In that thread, you mentioned 4ns/pin, and Chip mentions 10ns routing delays, so it follows that you could/should see a 80MHz / 20MHz difference ?
I later refined that down to what was routing what was pin buffers. 2.5 ns being the conclusion.
Chip's 10 ns appears to be a requested rule that extended those timing out. I never really understood it.
Maybe the question here is, what are the routing delays in the final P2, and at what MHz will they add-another-clock ?
Can OnSemi indicate those delays, from the script-testing they have already done ?
I'm mostly worried that OnSemi are depending on the constraints Chip has for the FPGA auto routing from which to setup their constraints with. Of course, I don't know if that's how things work at all.

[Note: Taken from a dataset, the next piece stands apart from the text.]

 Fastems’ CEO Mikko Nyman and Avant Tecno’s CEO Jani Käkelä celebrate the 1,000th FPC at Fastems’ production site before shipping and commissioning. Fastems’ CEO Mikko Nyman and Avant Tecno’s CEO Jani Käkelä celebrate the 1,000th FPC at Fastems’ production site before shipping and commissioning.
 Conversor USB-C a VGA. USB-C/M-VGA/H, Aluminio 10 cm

We can figure out why the FPGA is taking a long time, but the actual chip I/O timing is well-constrained. On Semi has used some special cyclical SPICE simulator that sweeps clock against data to resolve setup and hold times in nine process corners.

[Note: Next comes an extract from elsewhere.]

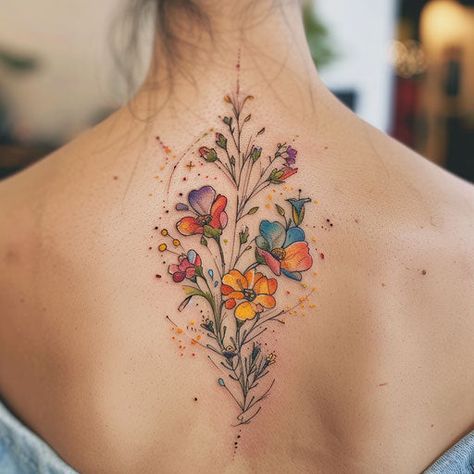 Vibrant Wildflower Tattoo Master Files Flower Colored Tattoo, Wildflower Back Tattoo, Quantum Tattoo, Poppy Flower Tattoos, Best Feminine Tattoos, Wildflower Tattoos, Wildflower Tattoo, Daisy Tattoo, Hip Tattoos Women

We can figure out why the FPGA is taking a long time, but the actual chip I/O timing is well-constrained. On Semi has used some special cyclical SPICE simulator that sweeps clock against data to resolve setup and hold times in nine process corners.
Are OnSemi able to answer the question : what are the routing delays in the final P2, and at what MHz will they add-another-clock ?
We can figure out why the FPGA is taking a long time, but the actual chip I/O timing is well-constrained. On Semi has used some special cyclical SPICE simulator that sweeps clock against data to resolve setup and hold times in nine process corners.
Are OnSemi able to answer the question : what are the routing delays in the final P2, and at what MHz will they add-another-clock ?
The routing delays are all individual, between instances.
We can figure out why the FPGA is taking a long time, but the actual chip I/O timing is well-constrained. On Semi has used some special cyclical SPICE simulator that sweeps clock against data to resolve setup and hold times in nine process corners.
Are OnSemi able to answer the question : what are the routing delays in the final P2, and at what MHz will they add-another-clock ?
The routing delays are all individual, between instances.
I don't understand the second question you asked.
The FPGA has relatively long routing delays, and I think you calculated ~ 71MHz as the (pin+routing) delay ~~ clock threshold, that bumps another clock delay into the mix.
The P2 has lower delays, but still finite, so there will still be some (higher) MHz equivalent where the P2 delay is ~~ clock speed.
Is that P2 number 100MHz, 150MHz, 180MHz, ?? MHz
We can figure out why the FPGA is taking a long time, but the actual chip I/O timing is well-constrained. On Semi has used some special cyclical SPICE simulator that sweeps clock against data to resolve setup and hold times in nine process corners.
Are OnSemi able to answer the question : what are the routing delays in the final P2, and at what MHz will they add-another-clock ?
The routing delays are all individual, between instances.
I don't understand the second question you asked.
The FPGA has relatively long routing delays, and I think you calculated ~ 71MHz as the (pin+routing) delay ~~ clock threshold, that bumps another clock delay into the mix.
The P2 has lower delays, but still finite, so there will still be some (higher) MHz equivalent where the P2 delay is ~~ clock speed.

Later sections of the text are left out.